FCバイエルンを苦しめられたのはレッドスター・シュタディオンのピッチコンディションの悪さだった。“ピッチは最悪だったよ”とルンメニゲは苦言を呈した。ヘーネスはこの一戦を“幸運の一戦”とも話し、ヒッツフェルトは“私はチームがこの試合をいくらか良い形で乗り切ってくれたことを嬉しく思っている。美しいサッカーではなくハードな戦いが求められていたんだ。”ともコメントしている。

リーグ突破にむけてベスト条件揃う

“センセーショナルな一戦ではなかったことは明らかなこと。もし我々が、ツキがあって勝てたと告白したとしても我々の面目に関わることではない”と代表取締役社長カール=ハインツ・ルンメニゲは深夜のチーム宿舎での祝勝会の席で試合を統括した。しかし彼はこうも述べた: “もし我々が負けていたとしたら、怒りは相当なものだよ。今、我々にはグループ一位になるのにベスト条件が揃っている。”

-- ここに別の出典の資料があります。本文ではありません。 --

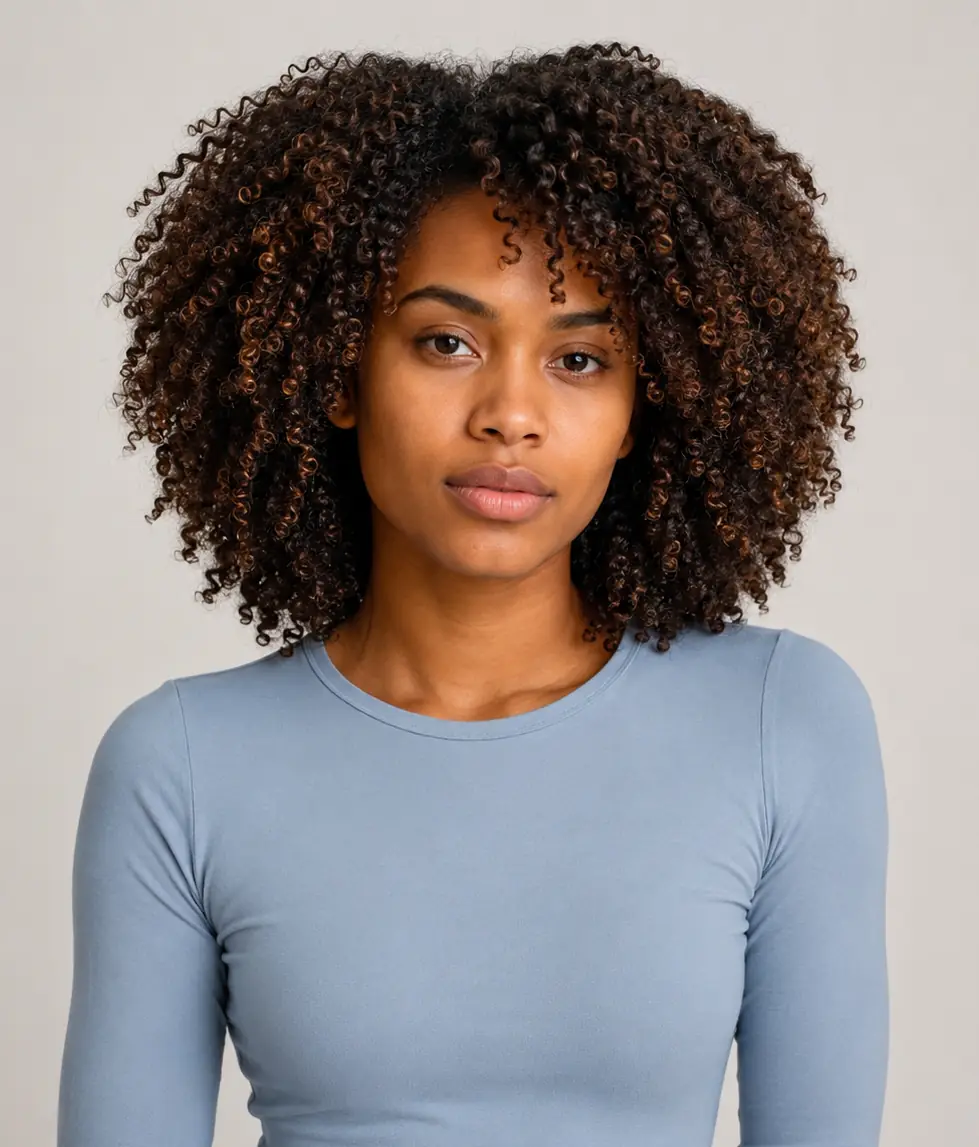 Full natural coily medium shape with layered shaping and height all around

FCBファンがチームの勝利を祝う一方で、首脳陣の視線は次戦に向かっていた: “勝てたことは嬉しいし満足もしている。しかしまだ改善の余地がある内容だったことも確かなこと”とルンメニゲは日曜のボルシア・ドルトムントでの一戦でより良い試合内容に期待する。“チームとしてはもちろん、個人的にもここでの一戦よりも良い試合をしなければならない。”